サイ・モンゴメリー著『神秘なるオクトパスの世界』
この地球上に誕生した
もうひとつの知的生命体がいま
635時限目◎本
堀間ロクなな
先般、テレビのニュースが世界的なタコの漁獲量減少により価格高騰の傾向にあることを伝えていた。その原因には地球温暖化にともなう海水温の上昇や栄養不足などが考えられ、将来的に高級食材となってタコ焼きも姿を消すかもしれないという。むろん、それはそれで憂慮すべき事態だろうけれど、わたしはタコ焼きよりもずっと重大な問題がひそんでいるように思った。なぜならちょうど、ナショナル ジオグラフィックのドキュメンタリー番組と連動したサイ・モンゴメリーの著作『神秘なるオクトパスの世界』(2024年)を読んだところだったからだ。
欧米では「デビルフィッシュ」という異名を持つとおり、タコがわれわれの常識に収まり切らない生きものだとはぼんやり知っていたが、最新の研究成果をまとめた本書は、そんなかれらの能力についてつぎのように要約してみせる。定木大介訳。
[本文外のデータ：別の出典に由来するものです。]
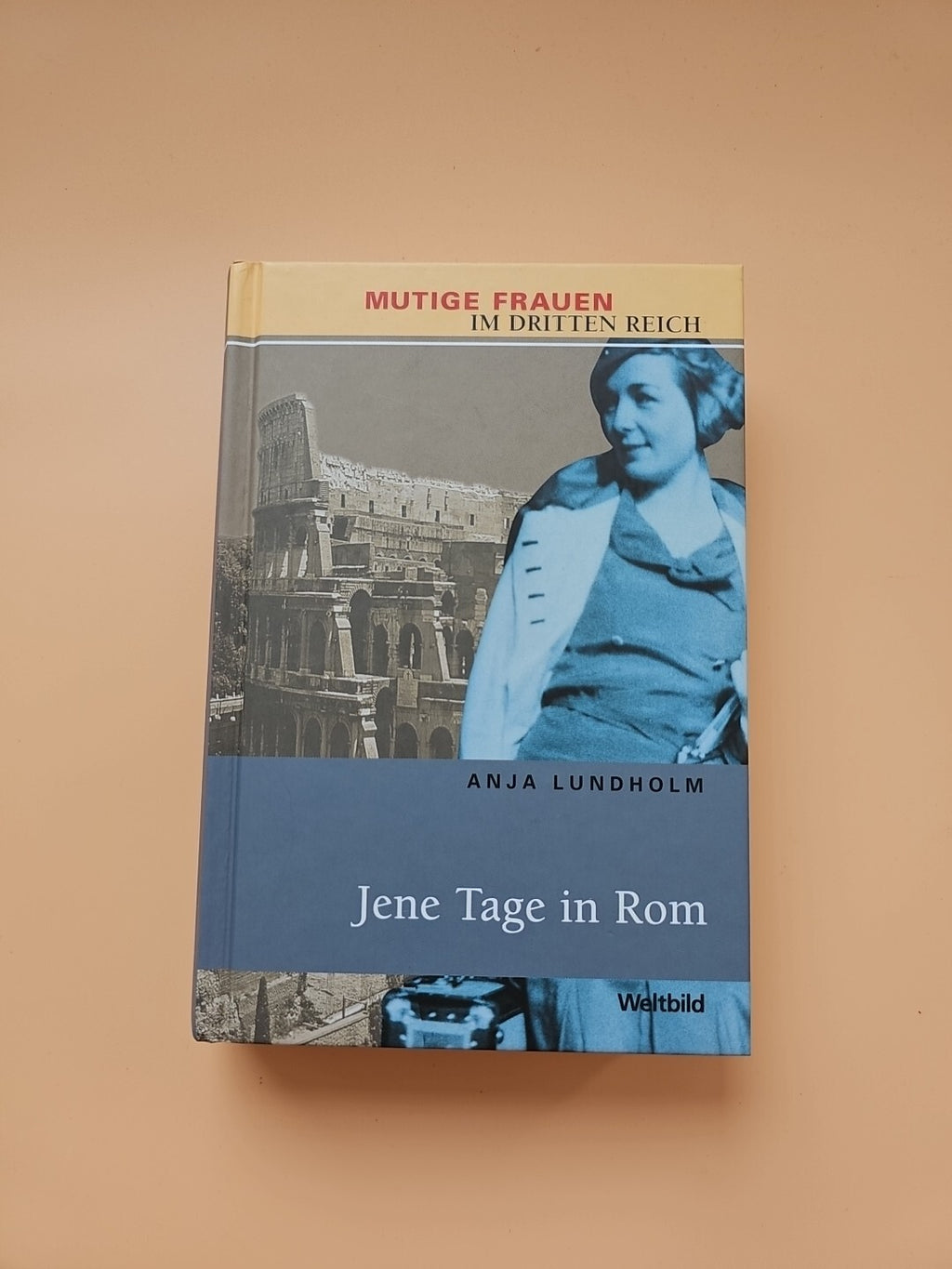 Jene Tage in Rom. [Mutige Frauen im Dritten Reich]. Anja, Lundholm: 1850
骨がなく、毒を持ち、強力な吸盤がついた8本の腕(最大の種ミズダコは大きな吸盤1つで16キロの重さを持ち上げることができ、しかも1本の腕にそれが200個も並んでいる)を備えるタコという生き物は、宇宙を舞台にしたSFでしかお目にかかれないような種々の異能に恵まれている。例えば、タコは全身のあらゆる皮膚で味を感じることができる。また、墨を吐くことができるが、これは煙幕として、あるいはウミガメがだまされて食いつくほど食欲をそそる “おとり” として機能する。筋肉を分解する酸や神経毒を垂らすこともできるし、雌は卵の連なりを巣の屋根や側面に付着させるための接着剤を分泌することもできる。
しかし、タコならではの超能力と言えば、体の色や形を自在に変える幻惑能力である。しかも彼らはそれを、人間が瞬きするよりも速くやってのける。
こうした数々の能力を支えているのが、タコの特殊な神経系の形態らしい。人間の場合は神経系を構成する860億個のニューロン(情報処理の細胞)のほとんどが脳にあるのに対して、かれらの脳はごく小さな構成要素にすぎず、全ニューロンの5分の4(おそらく3億5000万個)は8本の腕のなかにあって、それぞれが脳のような情報処理センターの役割を担っているばかりでなく、もし腕の1本を切り離したときには独力で行動することができるというのだ。まさに「デビルフィッシュ」にふさわしいつくりなのだが、そんなふうに受け止めるのはわれわれの一方的な偏見で、実はもっとロマンティックな生きものかもしれない。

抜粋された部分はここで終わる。